# Replacing Window Extension Jambs



## TeeRiddle (Oct 21, 2014)

Hi all!

I am getting ready to re-trim a window in my kitchen. Looking at the window closely the extension jambs are a bit rough looking. I was thinking about prying them off and putting up new ones that will look a bit cleaner (plus I'd like to remove the yellowing caulk and re-caulk).

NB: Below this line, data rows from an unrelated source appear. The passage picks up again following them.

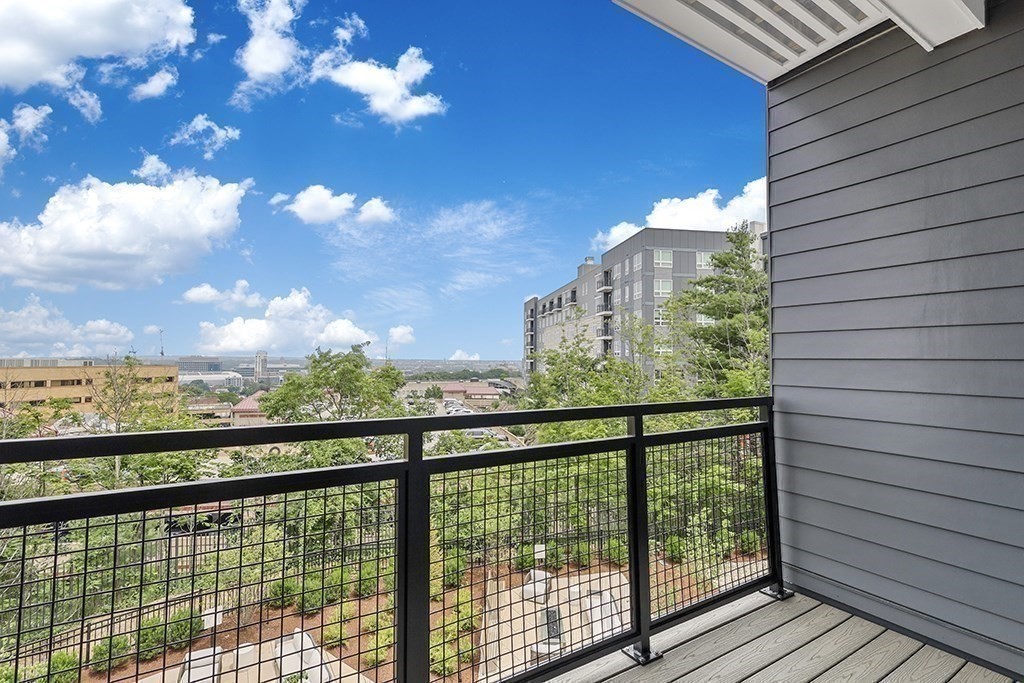 191 Washington Street # 513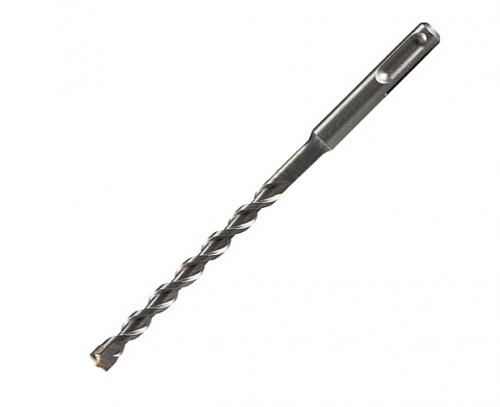 бур sds-plus centering tip 28x350, купить metabo, купить husqvarna, купить bosch, купить makita, купить hitachi, купить hikoki, купить oregon, купить stihl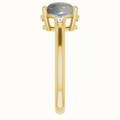 Oval Black Opal 12_Yellow Gold_Oval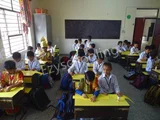 Arvind Gupta DAV Centery Public School Arvind Gupta DAV Centery Public School Gallery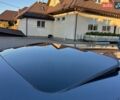Сірий Вольво V50, об'ємом двигуна 1.6 л та пробігом 236 тис. км за 8200 $, фото 57 на Automoto.ua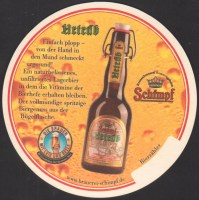 Bierdeckelschimpfle-10-zadek-small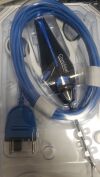 BOLDER SURGICAL CSL-RV105-10 CoolSeal™ Reveal Open Sealer, Divider, and Dissector.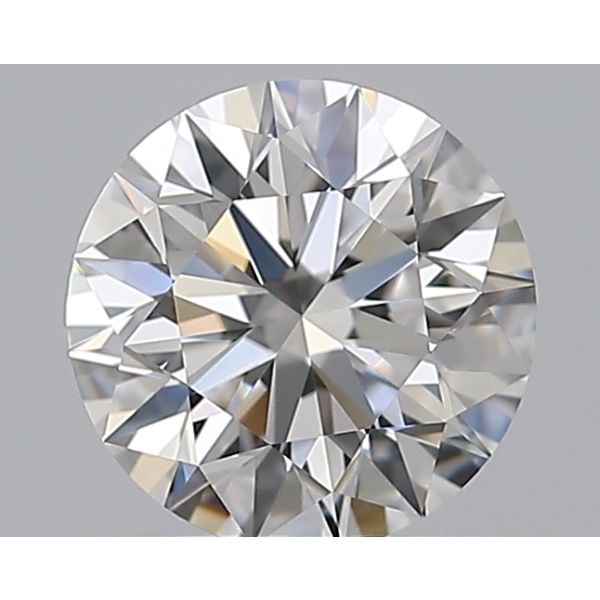 ROUND 0.85 D VVS1 EX-EX-EX - 2497377488 GIA Diamond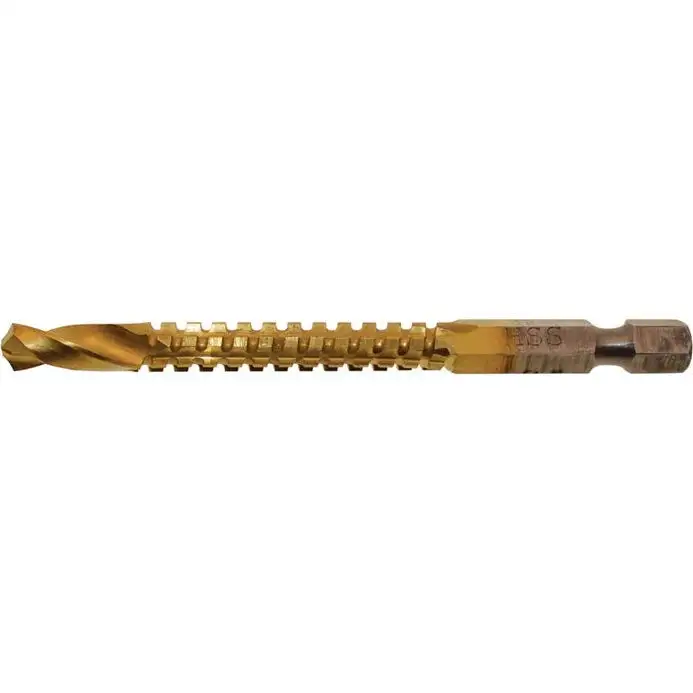 ALFA Tools DSH50113TN 1/4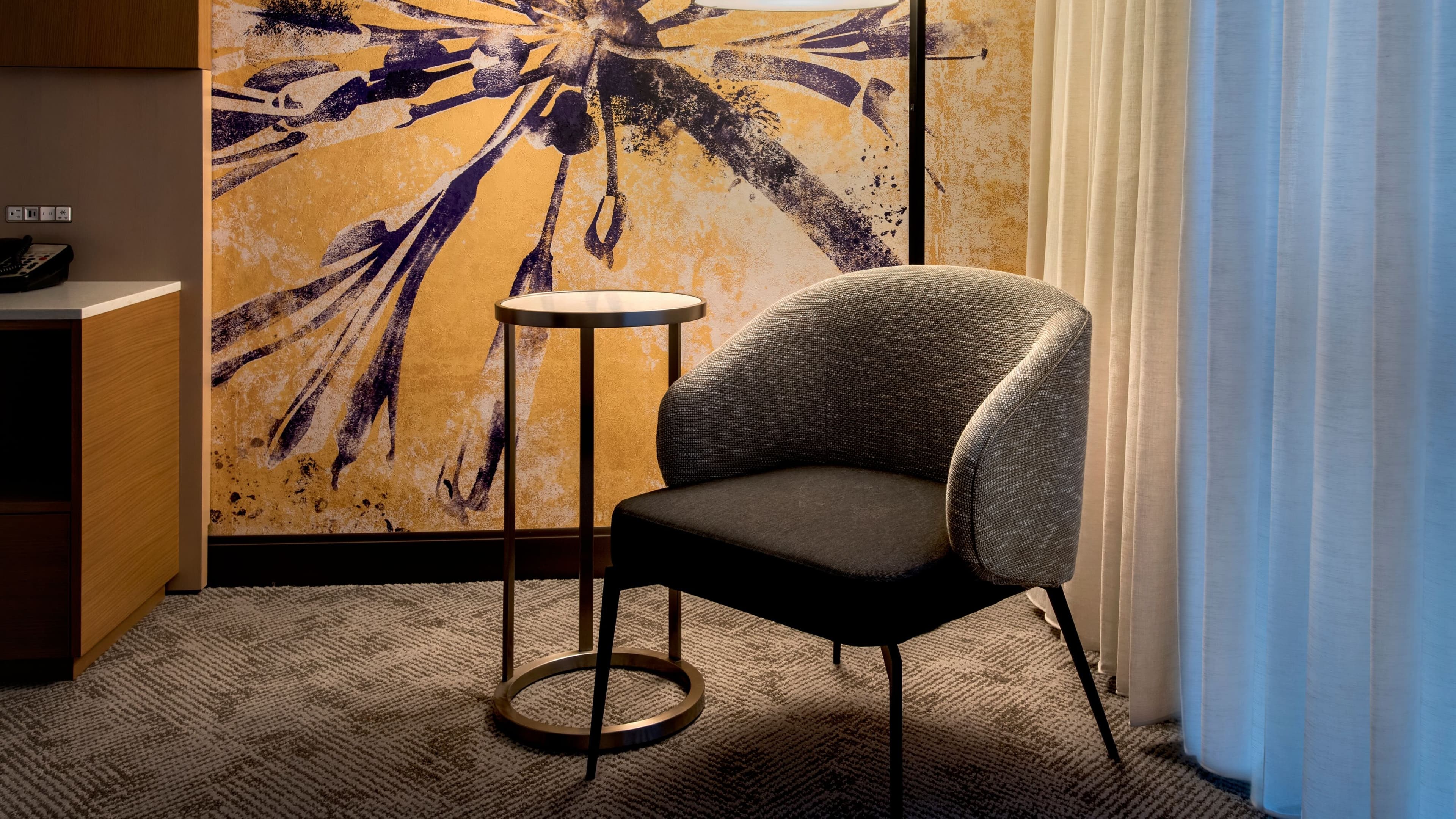 Guest room - Image 2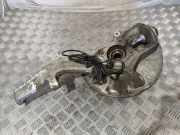 Radnaben vorne rechts MERCEDES-BENZ GLE (W166) AMG 43 4-matic (166.064) A1663340206 A1663301020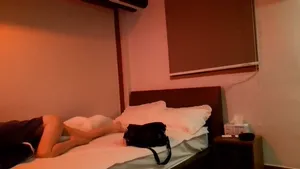 보지 빨아주면 쉽게 젖는 여친  국산야동 한국야동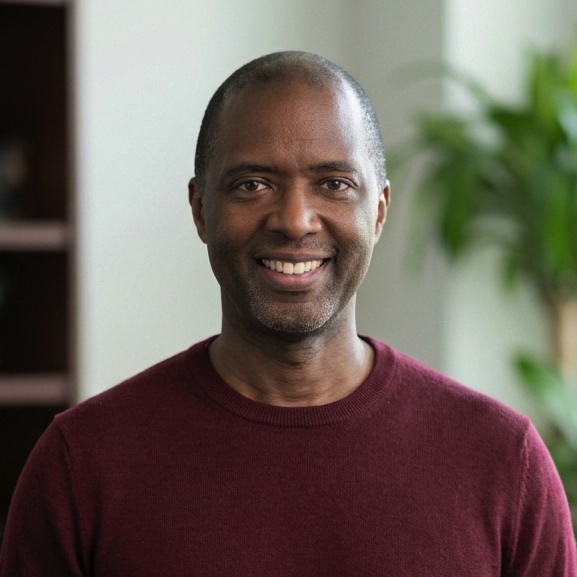 Lamar Greene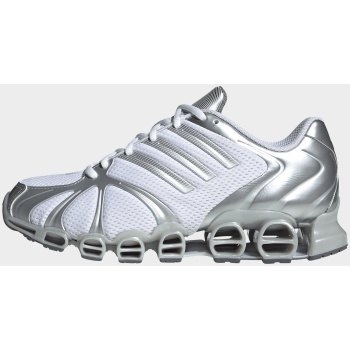 adidas originals mega ghostride w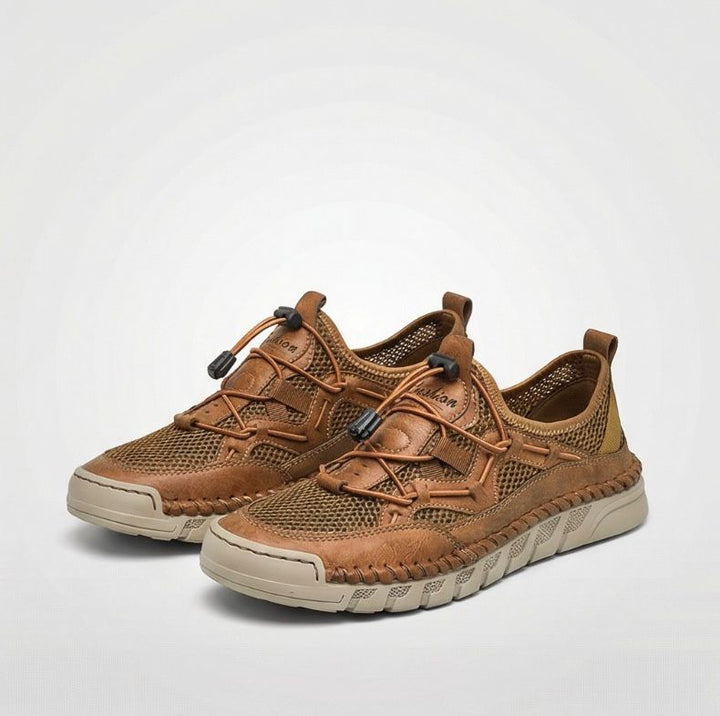 Clara | Chaussures Orthopédiques Respirantes
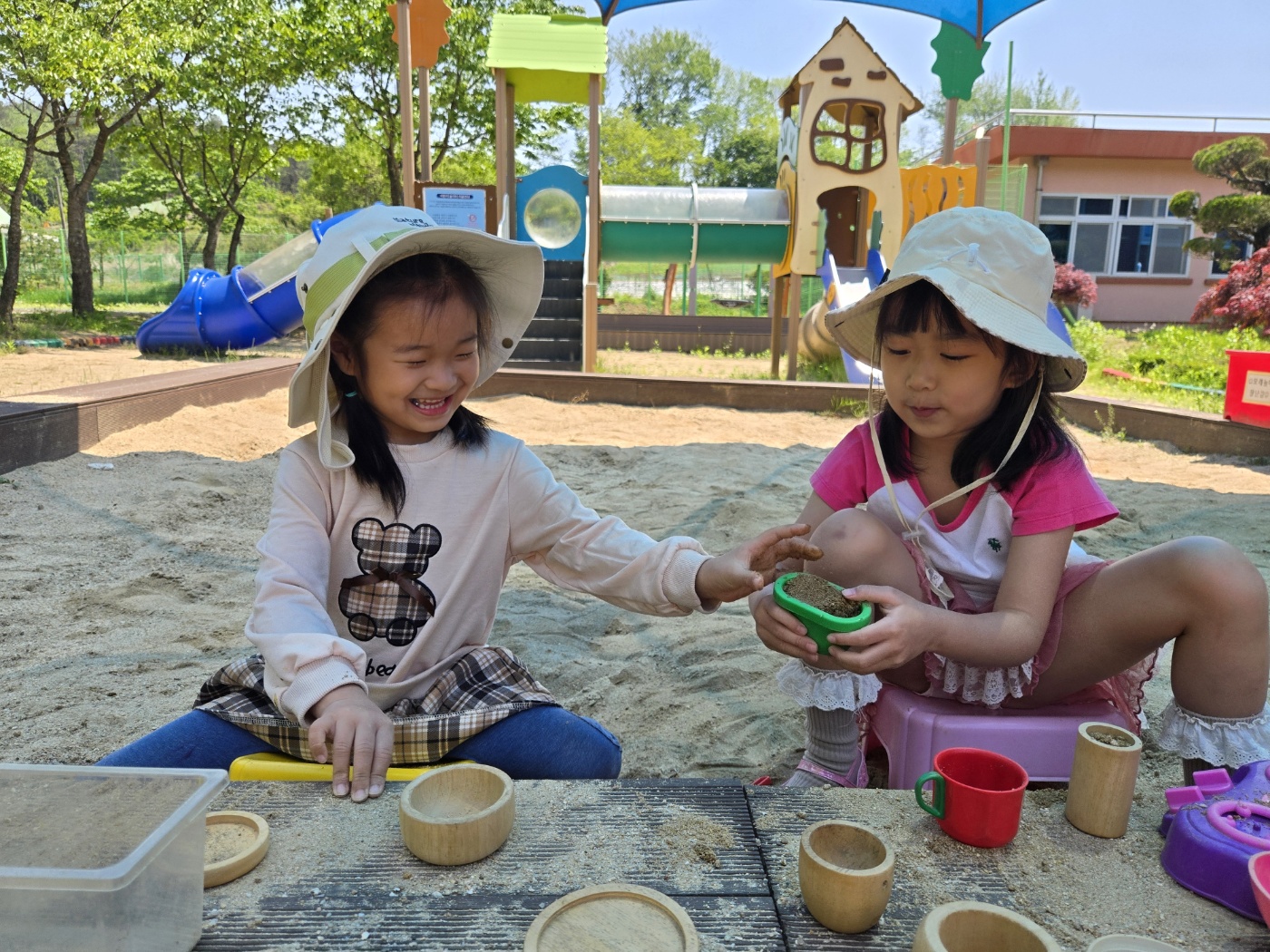KakaoTalk_20250514_153627808_15.jpg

What is the best way to remove the extension jambs without damaging the window? How difficult are these usually to remove? Should I just leave them, remove the caulk, sand them and re-paint?

Thanks!


----------



## mako1 (Jan 7, 2014)

Form your picture those do not look like extension jambs but the inside of the regular window jamb.
Those ar probably replacement windows in old jambs but hard to tell for sure.
Clean the old caulk up ,paint and recaulk as good as you can would be your best bet without spending a lot of money.


----------



## joecaption (Nov 30, 2011)

Jambs should extend out and be even with the sheetrock.


----------



## TeeRiddle (Oct 21, 2014)

Thanks mako1, that's what I'll do.

joecaption, these jambs are flush with the sheetrock, but I am not sure if these were extensions or if part of the old jamb. It's hard to tell whether the window sits inside it or butts up to it. Not the greatest picture, sorry.

Thanks!


----------



## Windows on Wash (Aug 30, 2011)

+1

No extensions jambs there. Clean up and caulk it and you could put the trim back on and just finish that gap with some shoe moulding.


----------



## HomeSealed (Jan 3, 2008)

Another +1. That's just the original frame. Whatever trim/casing you put over the front of that should cover most of the face of it. You could even do a zero reveal if you want. On the return side, clean, caulk and paint, then add some new stops if you want. Definitely not extension jambs though either way.


----------